(RECORDED INFORMATION):
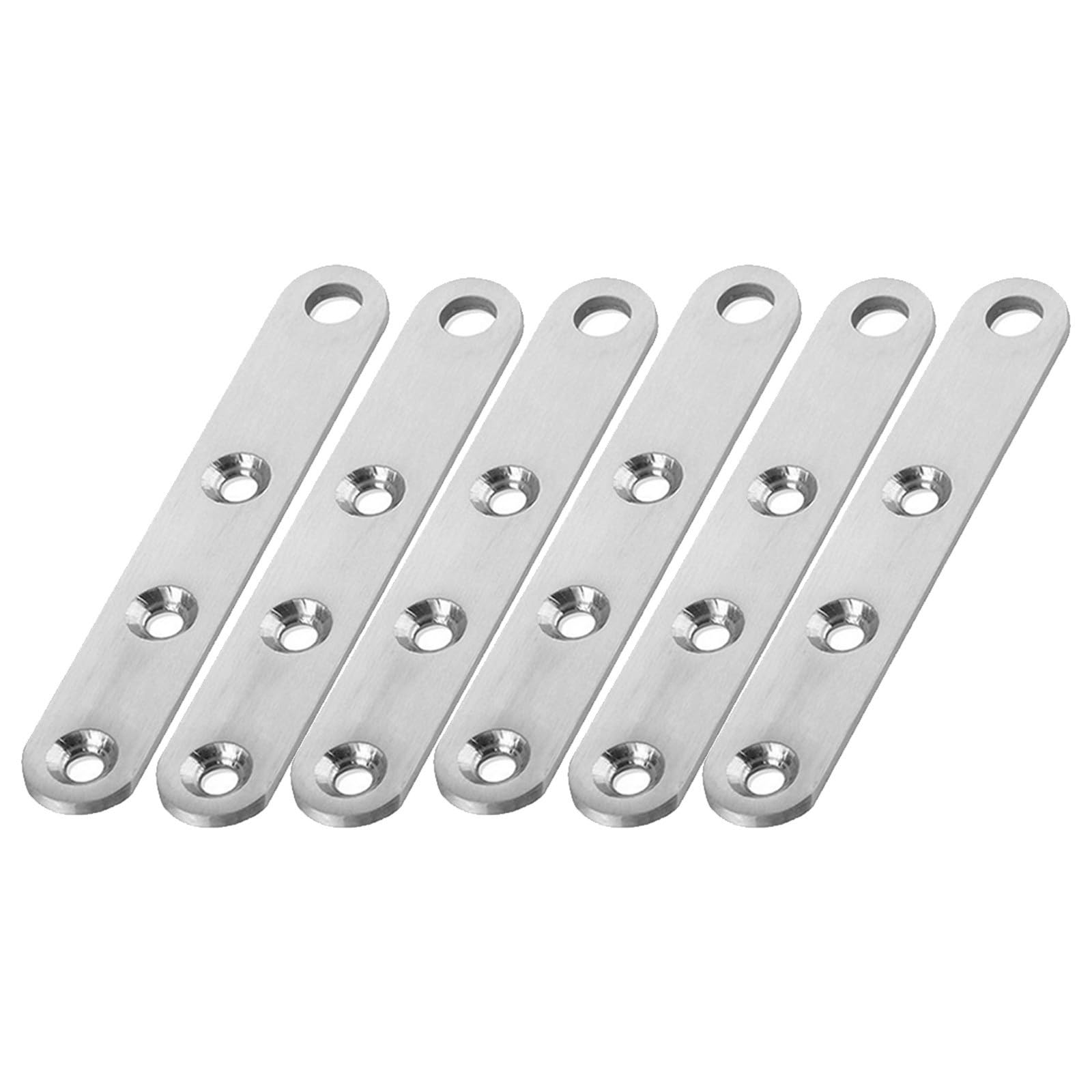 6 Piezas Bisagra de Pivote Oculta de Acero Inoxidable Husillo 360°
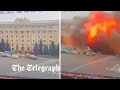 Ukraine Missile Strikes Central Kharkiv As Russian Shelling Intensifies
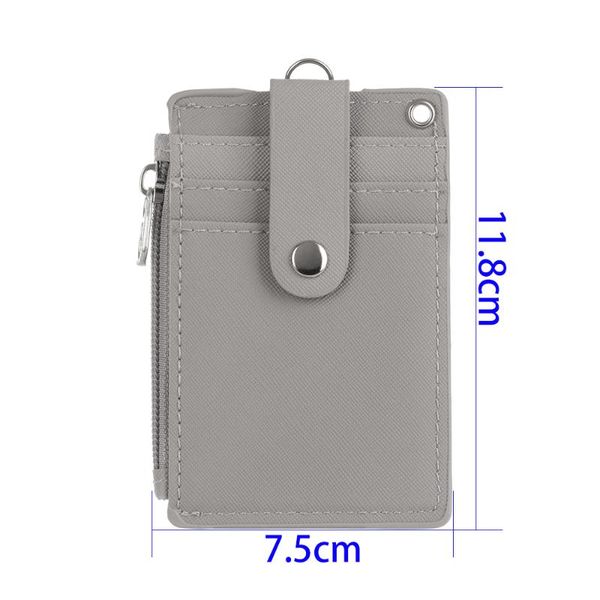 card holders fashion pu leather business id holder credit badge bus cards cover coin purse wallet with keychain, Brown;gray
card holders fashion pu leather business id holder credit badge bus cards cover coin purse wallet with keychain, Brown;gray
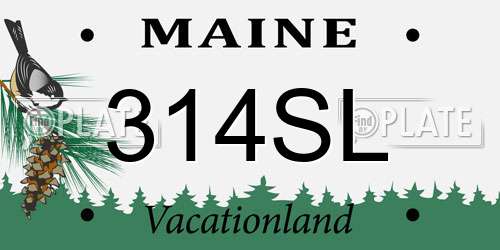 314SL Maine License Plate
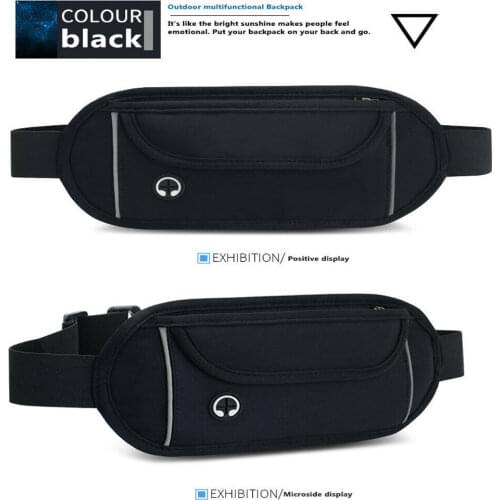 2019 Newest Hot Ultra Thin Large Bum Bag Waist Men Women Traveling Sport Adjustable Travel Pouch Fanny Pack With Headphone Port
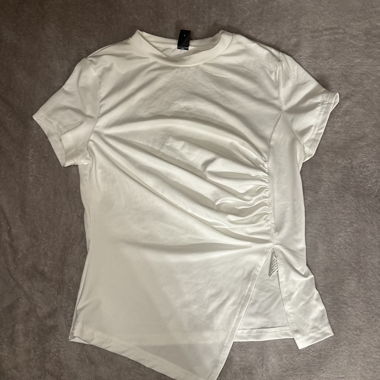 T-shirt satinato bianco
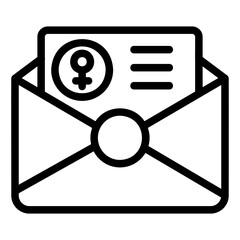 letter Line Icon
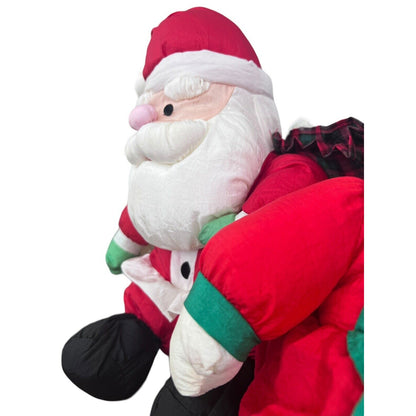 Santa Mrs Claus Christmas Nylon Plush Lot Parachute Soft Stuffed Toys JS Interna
* * *
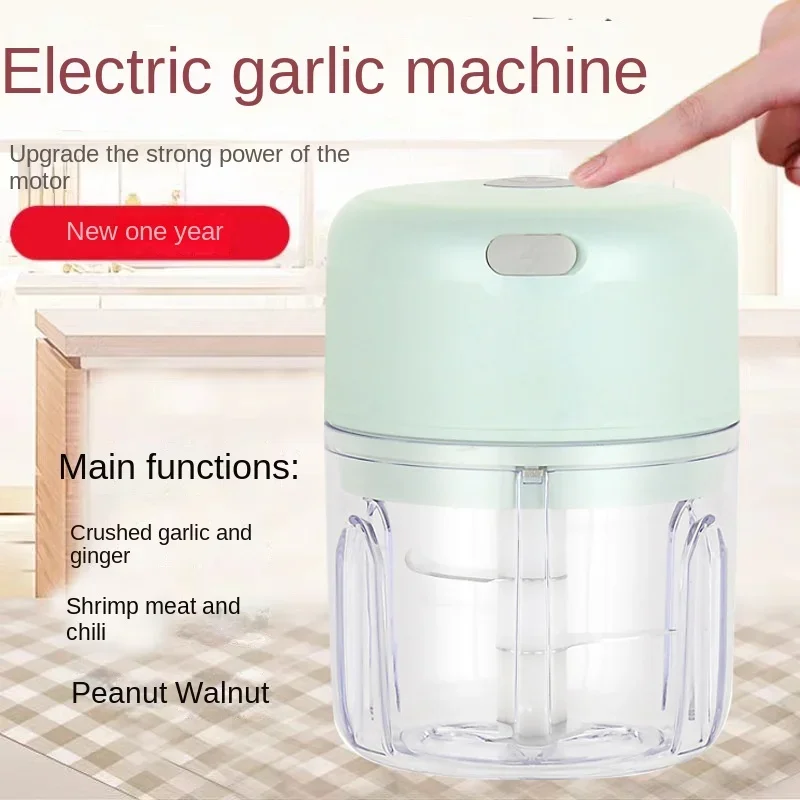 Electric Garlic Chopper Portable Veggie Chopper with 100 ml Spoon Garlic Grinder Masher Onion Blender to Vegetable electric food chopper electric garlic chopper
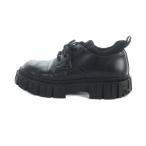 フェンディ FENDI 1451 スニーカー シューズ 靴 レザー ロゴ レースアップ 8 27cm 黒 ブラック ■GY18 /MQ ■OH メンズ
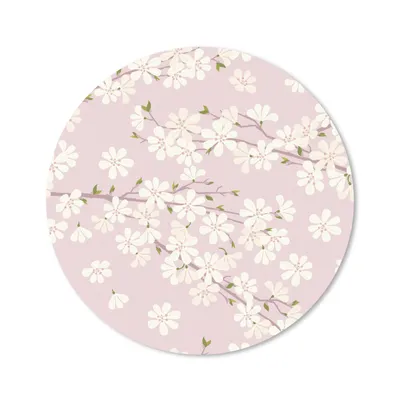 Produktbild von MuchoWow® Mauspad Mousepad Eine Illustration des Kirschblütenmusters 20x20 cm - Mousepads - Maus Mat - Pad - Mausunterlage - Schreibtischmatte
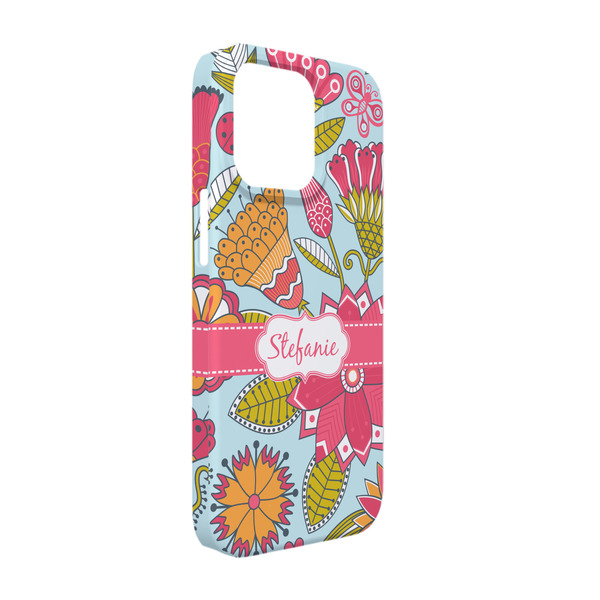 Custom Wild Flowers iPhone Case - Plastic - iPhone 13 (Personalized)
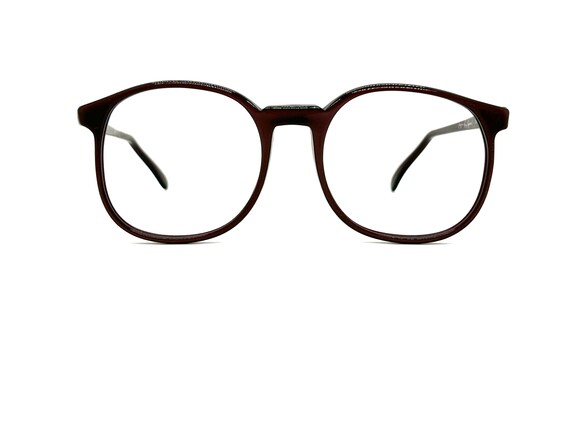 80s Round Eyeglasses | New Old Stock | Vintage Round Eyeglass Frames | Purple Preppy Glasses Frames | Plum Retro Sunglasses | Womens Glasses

(PROBLEM TO SOLVE): Within the listing above, find the line containing "2019 Newest Hot" and the line containing "Santa Mrs Claus". Transcribe them and everything between them exactly, leaving out the pictures.

(EXPECTED OUTPUT):
 2019 Newest Hot Ultra Thin Large Bum Bag Waist Men Women Traveling Sport Adjustable Travel Pouch Fanny Pack With Headphone Port
 T-shirt satinato bianco
 letter Line Icon
 Santa Mrs Claus Christmas Nylon Plush Lot Parachute Soft Stuffed Toys JS Interna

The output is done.